O pai de santo Anderson Gentil salienta que as refeições feitas para os orixás podem ser consumidas por todos. “É como se fosse uma bênção. Nós alimentamos os orixás e eles nos alimentam. É exatamente comer com os deuses.”

Por conta disso, Gentil acrescenta que os frequentadores do candomblé ou de outras religiões afro aprendem a ser gratos e que tudo pode se tornar alimento para o corpo com as receitas e ingredientes utilizados para preparar as comidas dos orixás. Ele diz que esse tipo de prática criativa ainda pode evitar que pessoas em situação de vulnerabilidade passem fome.

“Com farinha de milho branca, um pouco de água e capricho você prepara um acaçá, e com esse alimento a pessoa já não vai passar fome. Tudo se torna alimento para o sagrado e com coisas simples nós podemos nos alimentar”, ensina.

Para a empresária Jainda Kelida Marques Silva – também psicóloga e terapeuta holística, e conhecida como Cigana Kelida nas redes sociais -, os alimentos para rituais são fonte de força e representam abundância e devoção. Kelida, iniciada na umbanda e também na Jurema (culto afro-ameríndio), diz que pessoas ligadas às religiões de matriz africana enxergam os alimentos de forma diferente, pois entendem a importância deles para a troca de energia.

“Quando me alimento, compreendo que aquilo me foi dado pela natureza e que eu devo agradecer por tudo o que está na mesa.

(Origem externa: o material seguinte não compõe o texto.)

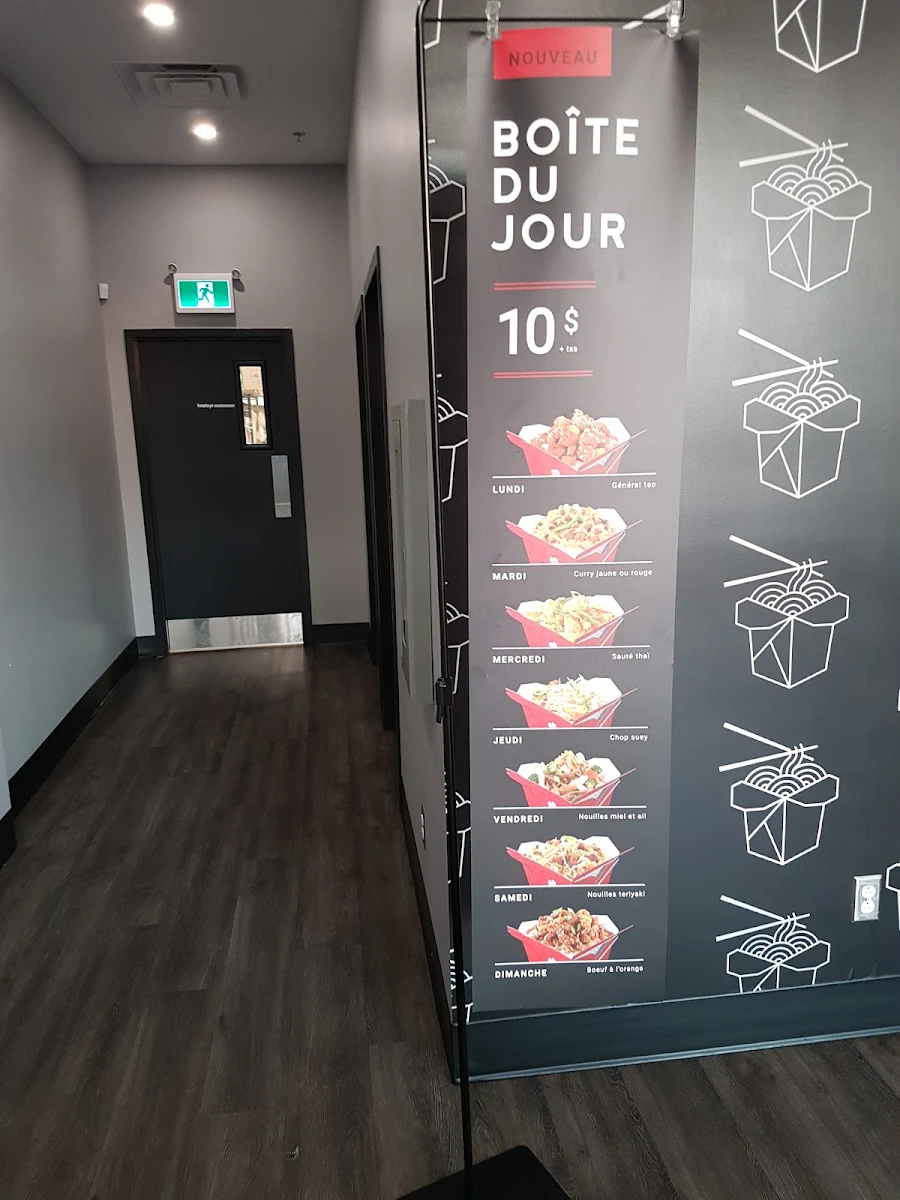 Menu, Café Morgane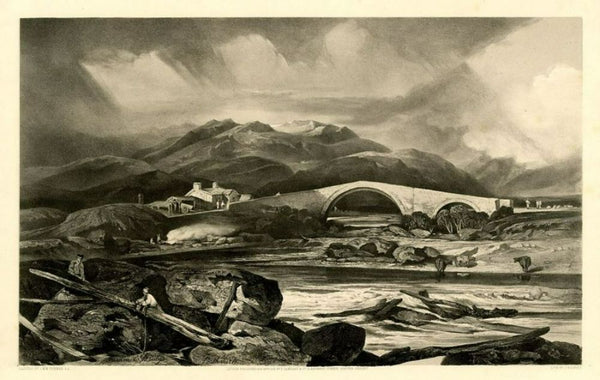 Tummel Bridge, Perthshire, c.1801-03 Painting by Joseph Mallord William Turner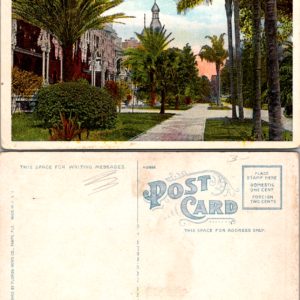 Entrance Tampa Bay Hotel Tampa Florida Florida News Co A-20565 - Image 1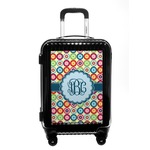 Retro Circles Carry On Hard Shell Suitcase (Personalized)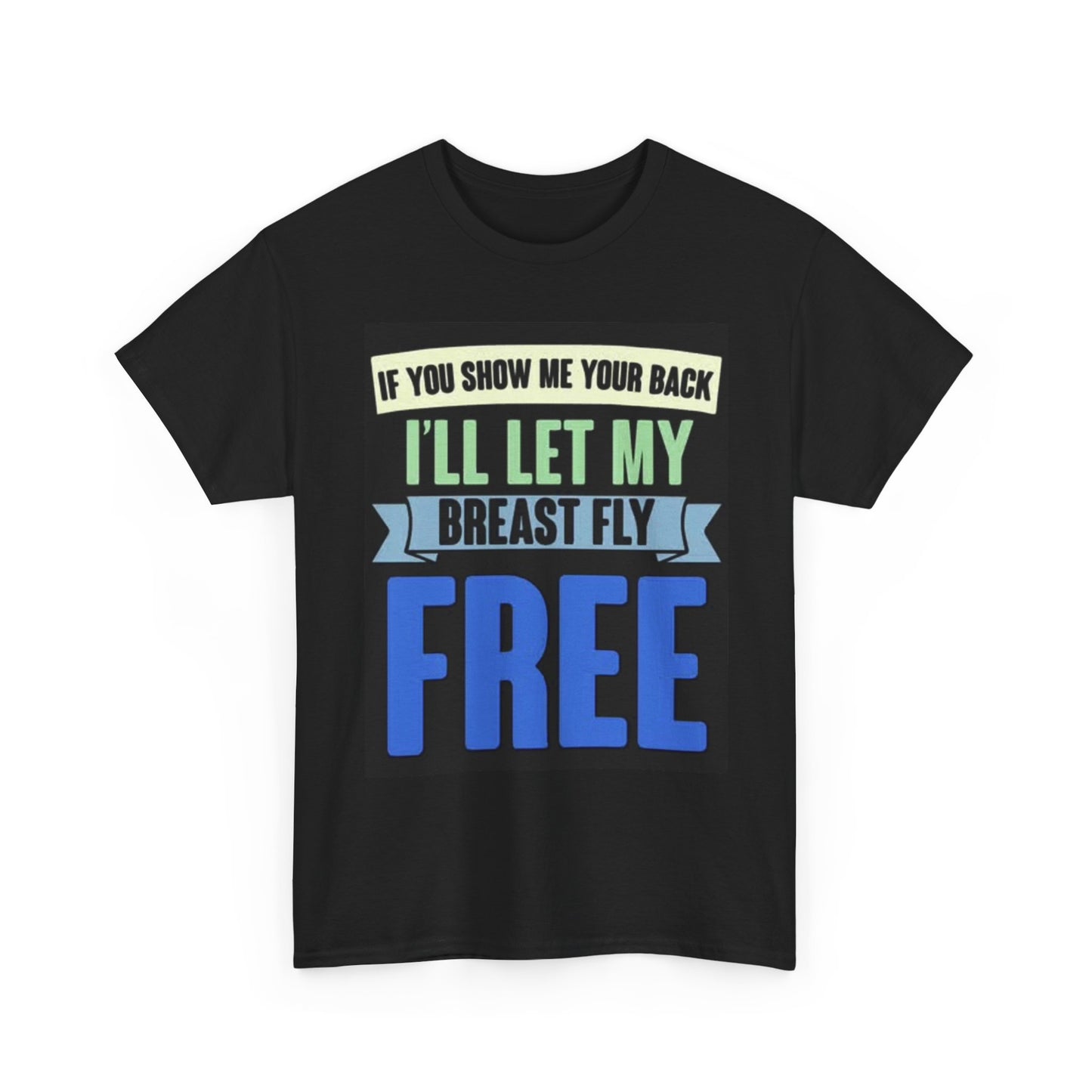 Breast Fly Free Graphic T Shirt BRAND NEW Apparel Unisex Heavy Cotton Tee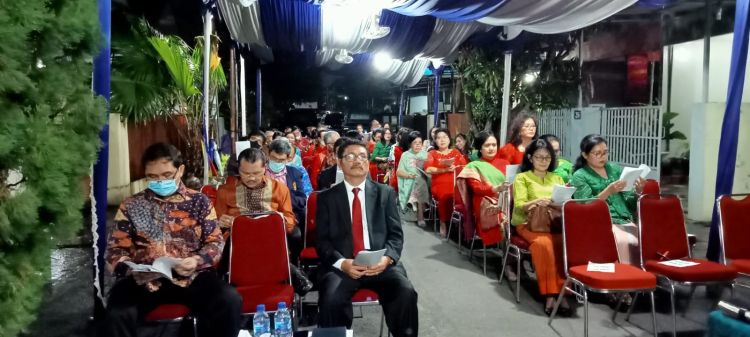 Natal STM Komplek Perumahan Dosen UHN Medan Berjalan Sukses dan Hikmad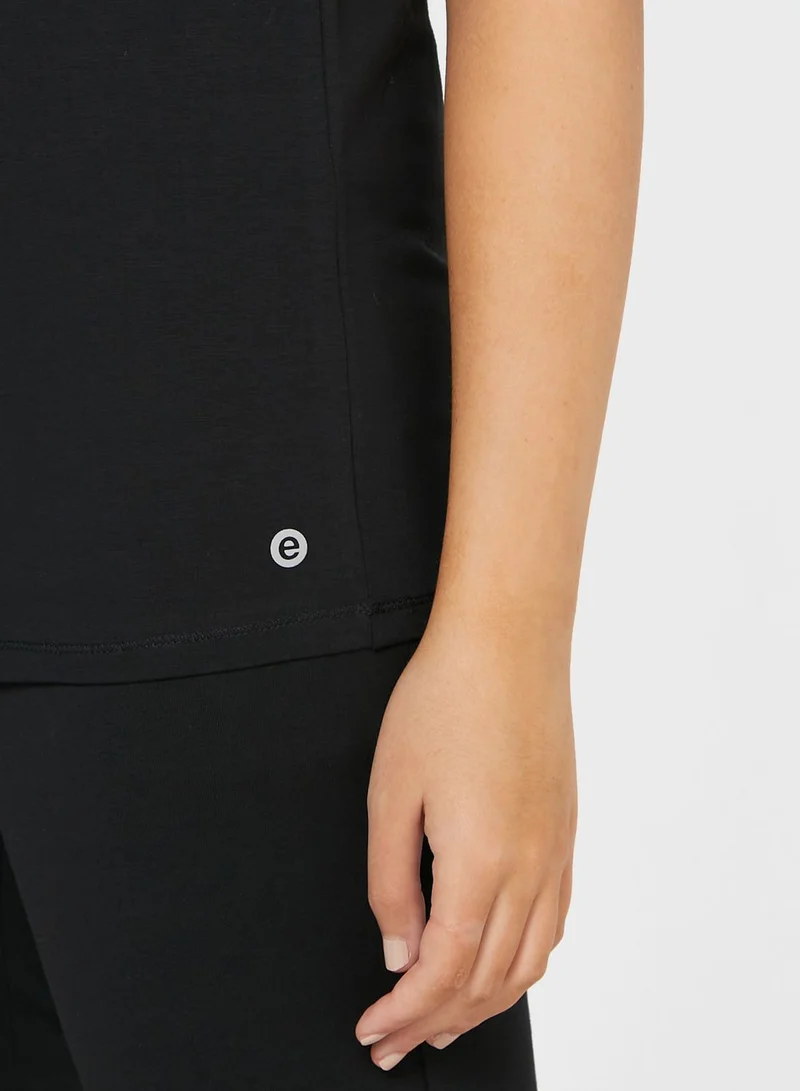 enamor Cotton Slim Crew Tee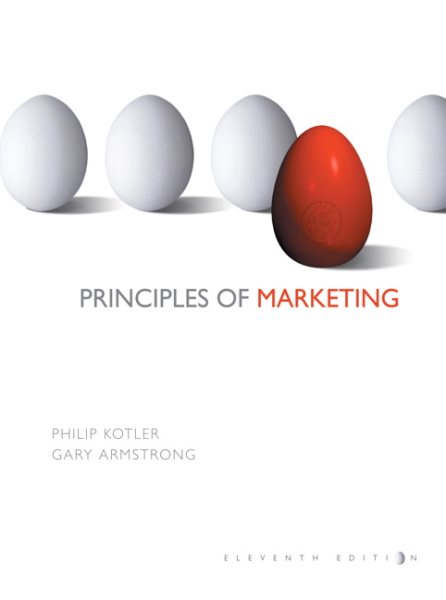 Principles of Marketing (Principles of Marketing) cover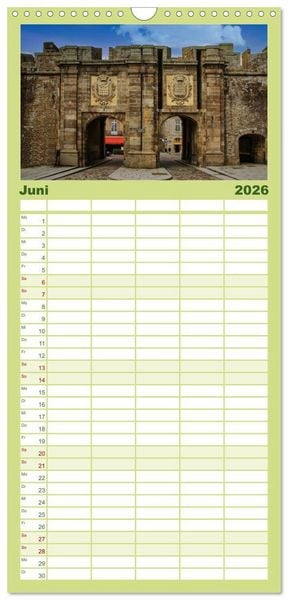 Produktbild: Familienplaner 2026 - Saint-Malo - Ein gut gesch&uuml;tzter Schatz mit 5 Spalten (Wandkalender, 21 x 45 cm) CALVENDO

Dentro do meu conhecimento, é assim diariamente: o contato que eu tenho com o alimento é o contato que eu tenho com a natureza, que alimenta o meu corpo como um templo”, diz a terapeuta.
Ela comenta também que, tanto na umbanda que ela pratica quanto na Jurema, não ocorrem sacrifícios de animais e que o preconceito com essa atividade provém de puro desconhecimento. “Respeito muito e compreendo as razões que levam ao sacrifício animal em alguns cultos. Esses atos são feitos sempre dentro de limites.”

O sacrifício animal

O líder religioso Anderson Gentil explica o que é e o que significa, dentro dos preceitos do culto que representa, o sacrifício animal – normalmente de frangos. “Não é esse bicho-de-sete-cabeças, e de forma alguma é feito de maneira cruel, pelo contrário. É necessário cuidar bem desse animal antes: alimentar, lavar, rezar, e aí sim sacrificar. Depois disso, separa-se o axé – que são as partes reservadas para o orixá – e cozinhamos essas partes para colocar aos pés dos santos.”

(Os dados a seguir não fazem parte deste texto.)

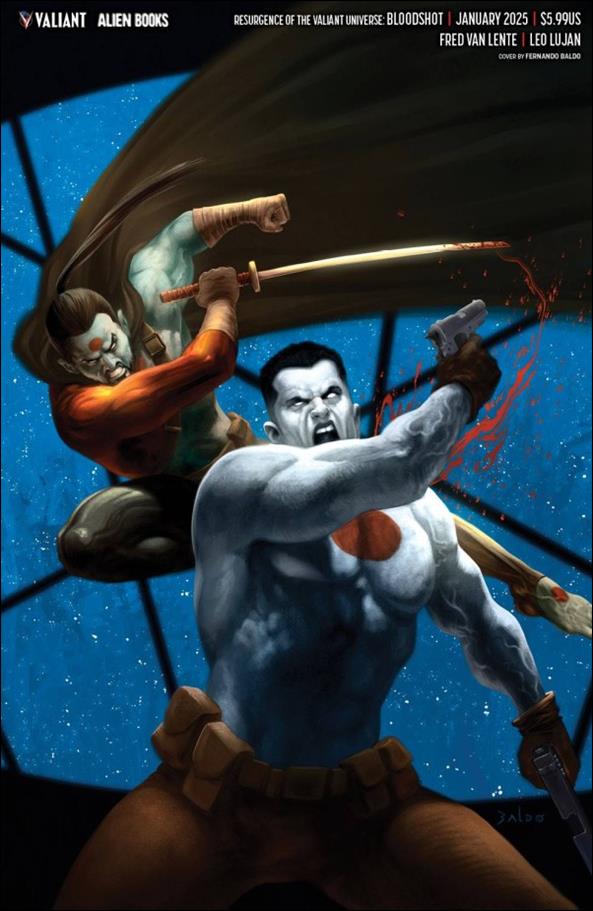 Bloodshot: Resurgence issue 1-C Fernando Baldo Virgin Cover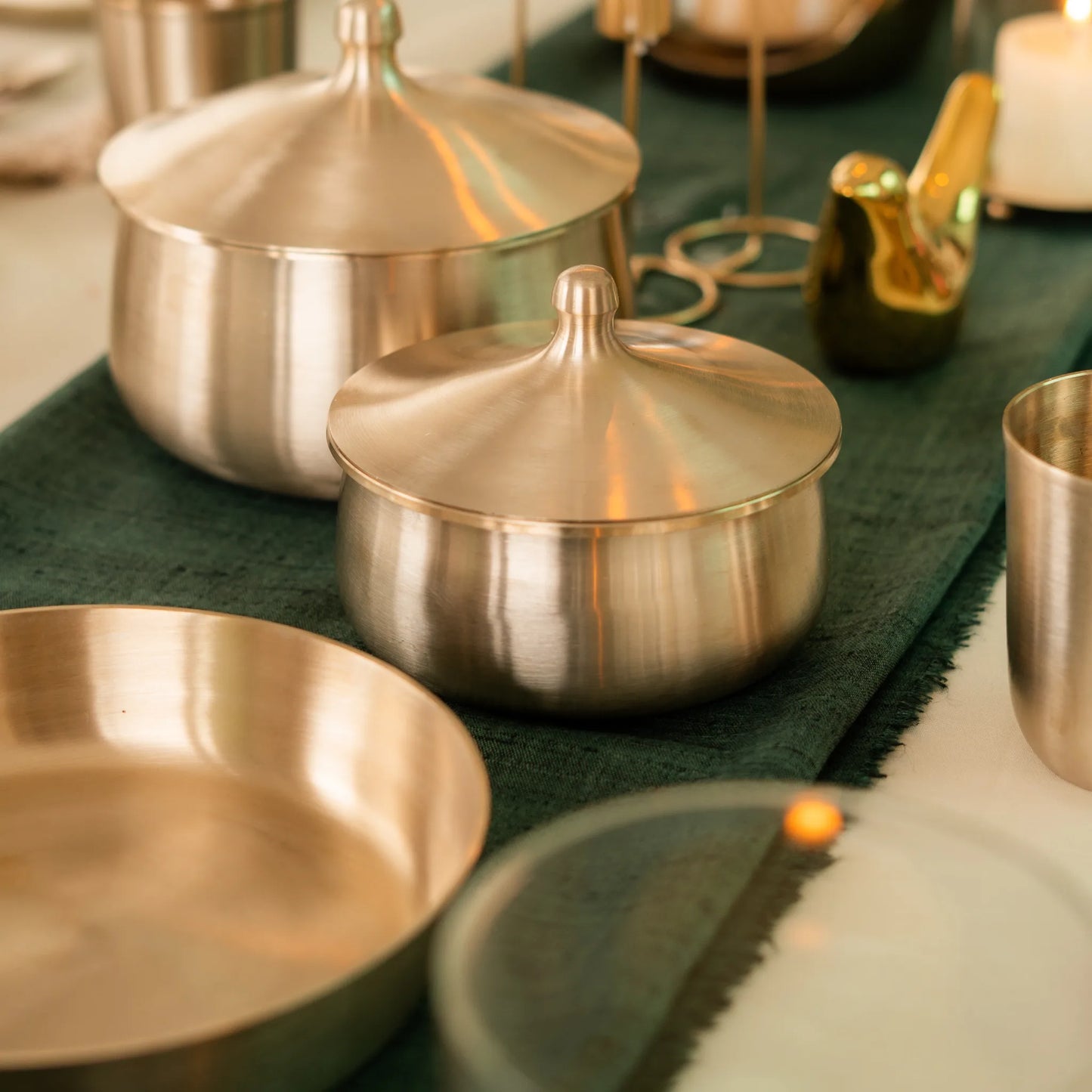 Kansawala kansya dinner set, hand-beaten, view 12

O sacerdote conta que o restante do frango é consumido pelos filhos e irmãos de santo que comungam ali, ou é doado para alguém que esteja precisando. “Esse animal tem que ser honrado. Nada é desperdiçado. Ao alimentar alguém, a ancestralidade é honrada”, diz.

Jaqueline Conceição considera que o ensino da cultura africana nas escolas poderia estabelecer uma melhor relação da sociedade com as questões que envolvem as religiões dessa matriz. Para a pesquisadora, o ideal não é falar sobre religião na sala de aula, “e sim explicar a história e a cultura africanas, o que consequentemente irá mostrar que o candomblé – bem como o protestantismo – teve impacto histórico na construção da identidade e que esse é um espaço de luta e resistência de uma memória negra, de uma prática negra e de um corpo negro, produzido e pensado dentro de um terreiro, e que sai para o mundo através da própria comida”.